● **Information**:
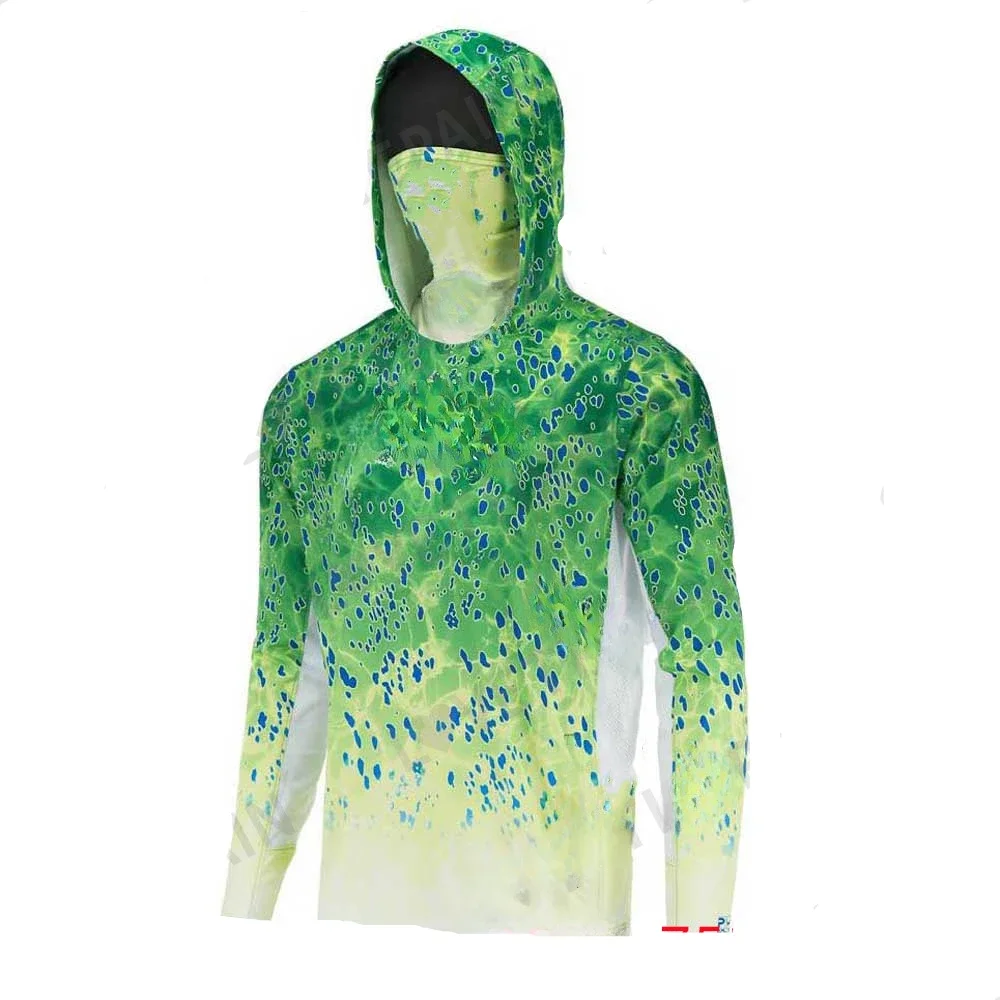Kids Fishing Shirts Upf 50+ Long Sleeve Fishing Shirt With Mask Neck Gaiter Hoodie Keep Head Face Warm Outdoor Hiking Running - view 2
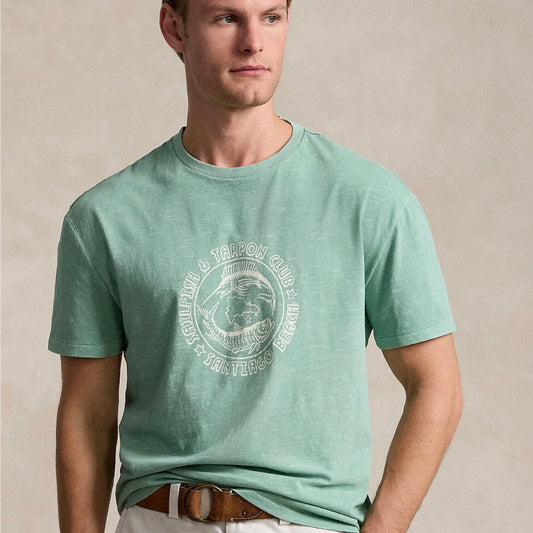 This garment-dyed T-shirt features our signature embroidered Pony and a fishing-inspired graphic.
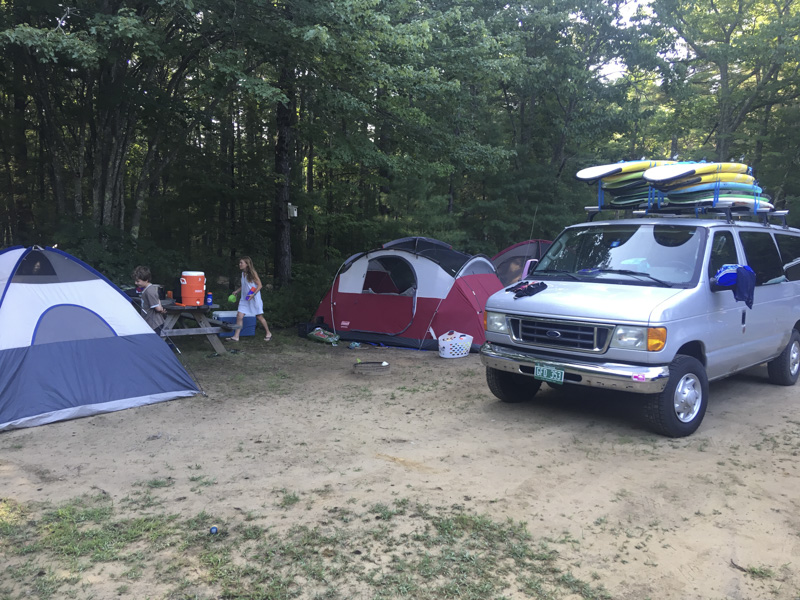 The Mud City Surf Wagon looking mighty stylish as always. The van is inspected regularly for safety and is how we'll travel from Stowe, Vermont to go surfing on the coast of Maine, and back.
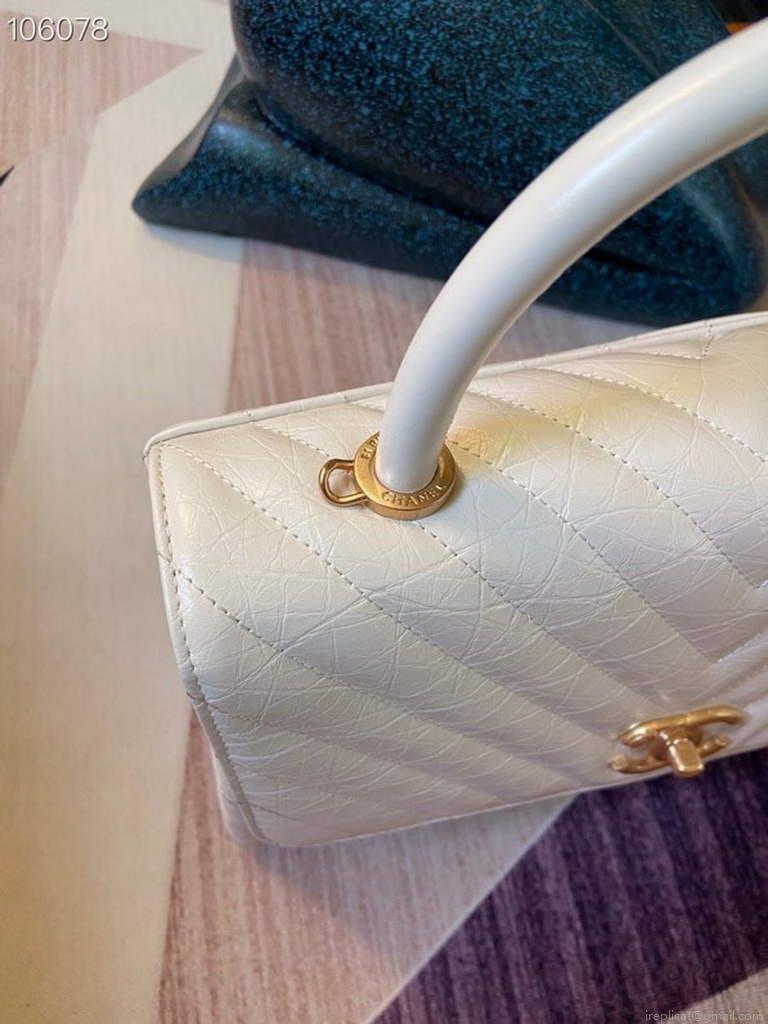 Chanel Large Top Handle Bag A92991 lambskin V gird White Gold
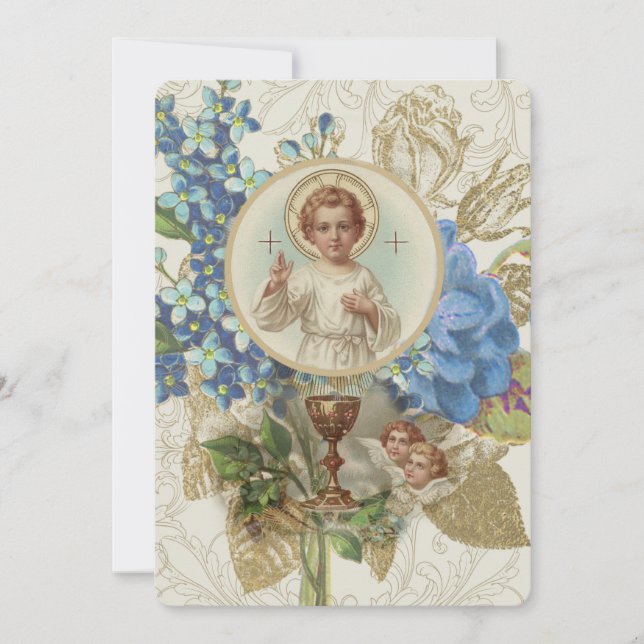 Traditional Catholic Vintage Communion Invitation (Front)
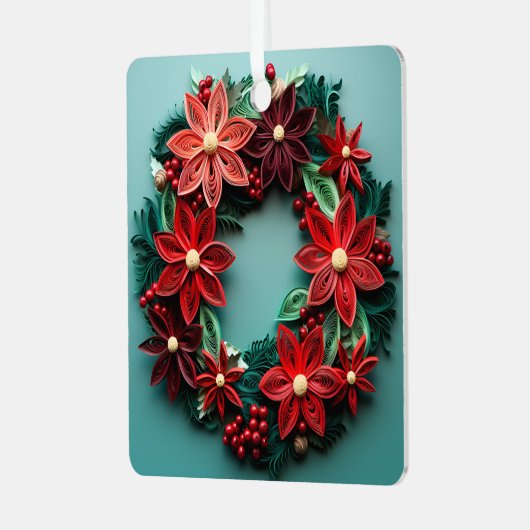 Kerstkrans quill vakantie ornament (Voorkant links)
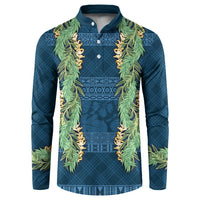 Hawai'i Paniolo Maile Twisted Lei Button Sweatshirt Cobalt Blue LT7 Cobalt Blue - Polynesian Pride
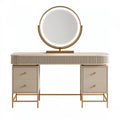 Coiffeuse 120 x 45 x 145 cm beige et doré en panneaux de bois et métal avec miroir éclairé style contemporain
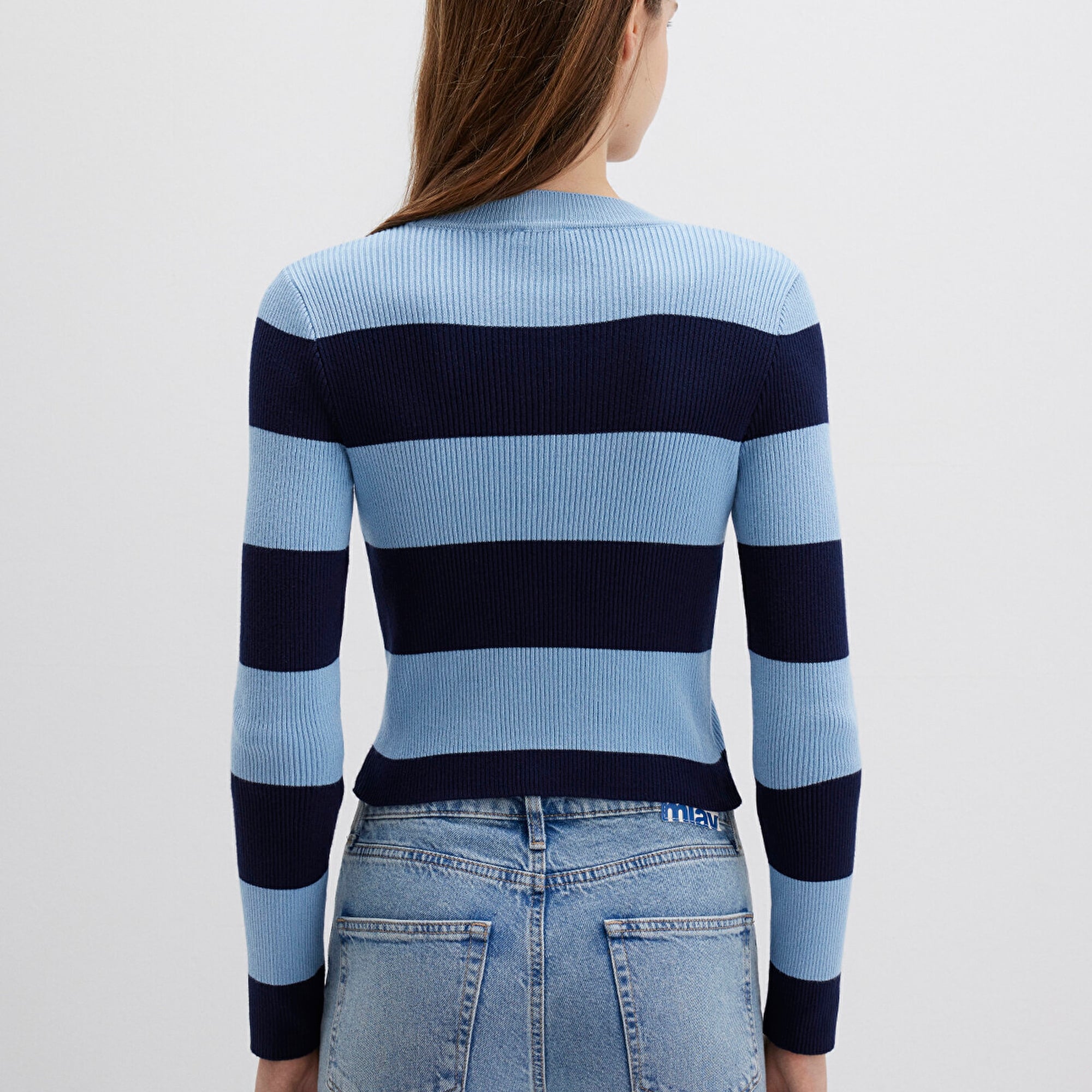 Mavi Blok Renkli Mavi Kazak Crop / Kısa Kesim 1710724-90702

● **Problem requirements**: Return, exactly as they appear, the lines from the line containing "Kerstkrans quill vakantie" through the end of the records above, both ends included, without pictures.

● **Answer space**:
 Kerstkrans quill vakantie ornament (Voorkant links)
 Hawai'i Paniolo Maile Twisted Lei Button Sweatshirt Cobalt Blue LT7 Cobalt Blue - Polynesian Pride
 Coiffeuse 120 x 45 x 145 cm beige et doré en panneaux de bois et métal avec miroir éclairé style contemporain
 Mavi Blok Renkli Mavi Kazak Crop / Kısa Kesim 1710724-90702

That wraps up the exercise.